Klang musste grinsen und vergaß über seiner Arbeit ganz, dass seine Kaffetasse sich noch immer in der Mikrowelle befand und langsam auskühlte.

Für seine nächste Rechnung brauchte er länger, denn obwohl er einen modernen Computer für seine Berechnungen nutzte, musste er dennoch zuvor alle Variablen neu bestimmten oder definieren, und das brauchte Zeit. Er benötigte noch beinahe eine Stunde, um eine der zentralen Fragen zu beantworten, über die die Menschen seit jeher stritten: Die nach der Existenz Gottes.

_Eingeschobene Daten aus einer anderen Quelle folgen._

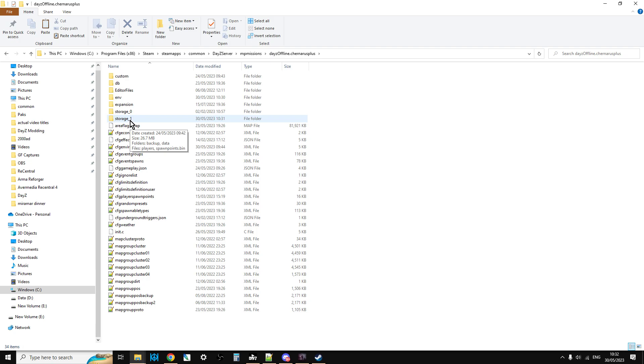If you delete that folder while the server is not running and then restart it, everything will be deleted. You know, the loot, the characters, everything, and it will start again as if it was vanilla based on the storage not based on the mission files.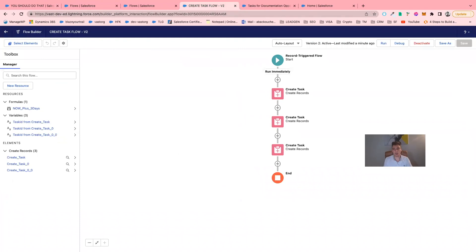I hope you have a better understanding of what you can do with Flow. I think this is really useful to automatically populate tasks based on how the opportunity stage is moving. Thank you for watching this video, and I hope we will create new videos really soon. Thank you.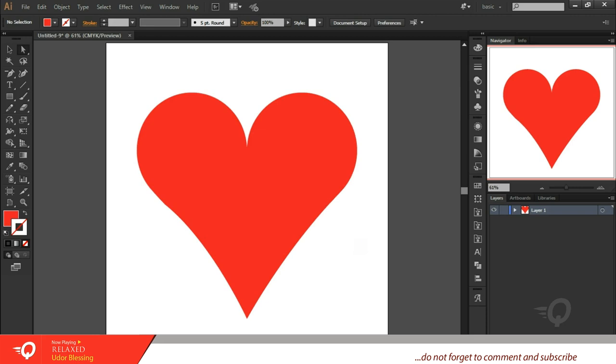Like so, alright. So now we've been able to complete the drawing.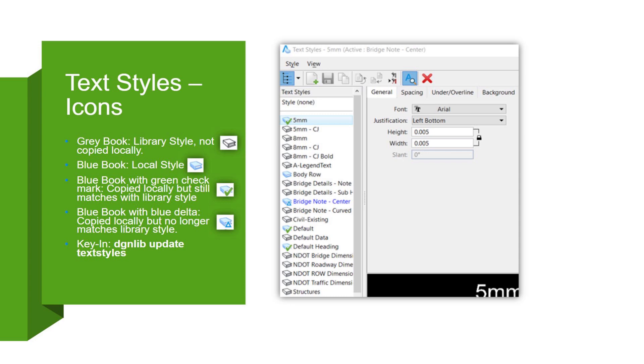So we might get a few questions asking, why aren't my text styles lining up to the DGNLib? Well, we set it up in the DGNLib, but it's this way in the design file. So the way to do that would be to update it from the library. And you can use this key in DGNLib update text styles to ensure that everything's synced up in your active design file from the standards there. And you can also right-click the text style and update it. There's a few ways to do it in the GUI.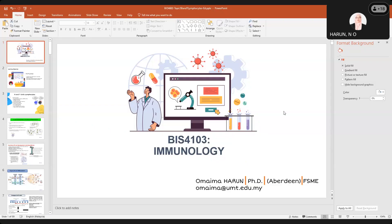Assalamu alaikum and good morning everyone. I hope that you guys are in a good condition after we are having our first wave of flood somehow in Kuala Nerus and part of Terengganu since three days ago. So we hope that the weather will be on our side for the next few days.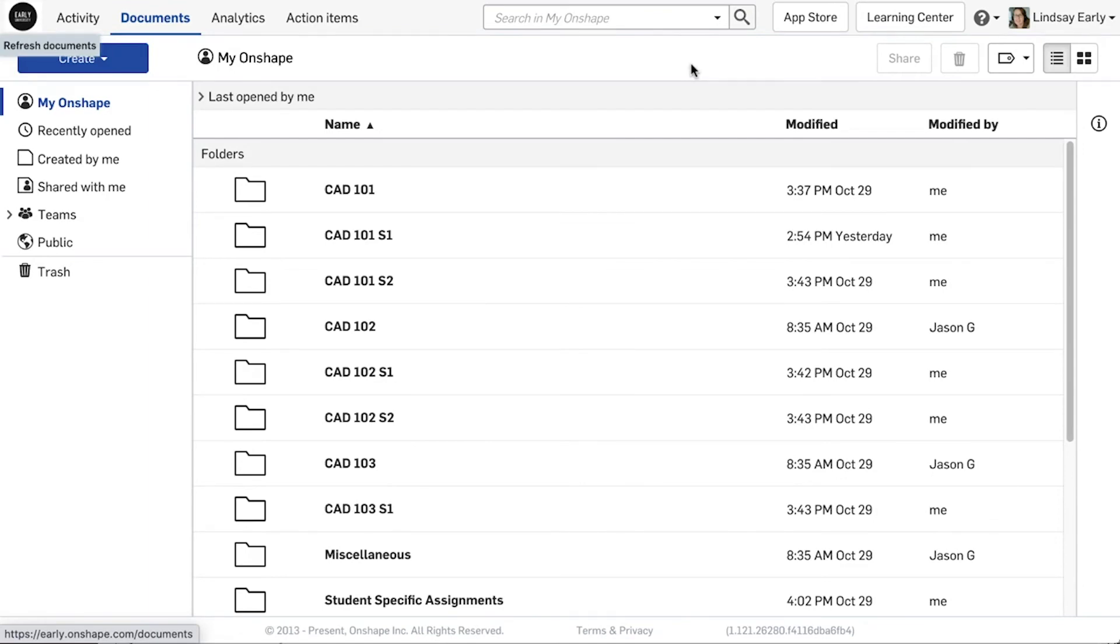In this video, we discussed several ways to create and organize new assignments. More information on sharing and folders can be found in the Onshape Learning Center.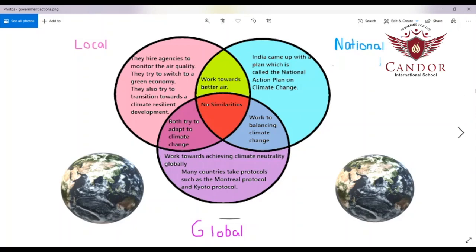Hello, now I am going to tell you about the government's actions on climate change — the local, national and global governments — using a Venn diagram. The local government I am talking about is the government of Karnataka. They hire agencies to monitor the air quality and groups of people to make sure the air is not becoming too polluted. They try to switch to a green economy, planting more trees and stopping the cutting and burning of plants. They also try to transition towards a climate-resilient development, meaning a development that adapts to climate change.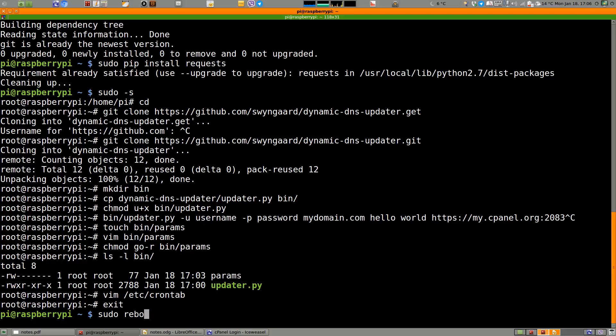And that's it. You can reboot if you want but it should work either way. That's it — thanks for watching.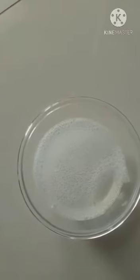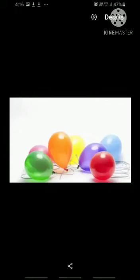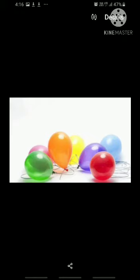Here is one more activity for you. You will blow your balloon. Put your palms on it and feel its weight — is it heavy or light? The balloon has air inside it. Air is light — it has no weight.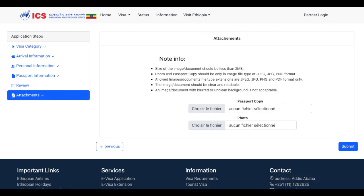On this page, you just need to attach a copy of your passport and a passport-style photo. Pay attention to those image restrictions — they want certain sizes and formats. Just make sure everything meets the requirements on this page, and once you're done, go ahead and click Submit.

Schließlich ließ er den Computer die Werte kalkulieren.

Das Ergebnis überraschte ihn sehr.

Das erste, was Klang also tat, nachdem er in dieser doch ziemlich spektakulären Weise seine Formel auf Herz und Nieren geprüft hatte, war, einen alten Studienkollegen anzurufen. Er war inzwischen ebenfalls Professor für Philosophie, jedoch an einer anderen Universität als Klang. Die beiden Herren, die vor allem ihr Abneigung gegen unnötiges Geschwätz verband, redeten knapp und ernst miteinander.

>>Professor Tegel hier, guten Tag - <<

>>Ich bin es, Klang. Erinnerst du dich nocht daran, wie wir einmal über die Unbeweisbarkeit der absoluten, objektiven Wahrheit gesprochen haben?<<

Tegel brauchte einen Moment, um sich zu besinnen.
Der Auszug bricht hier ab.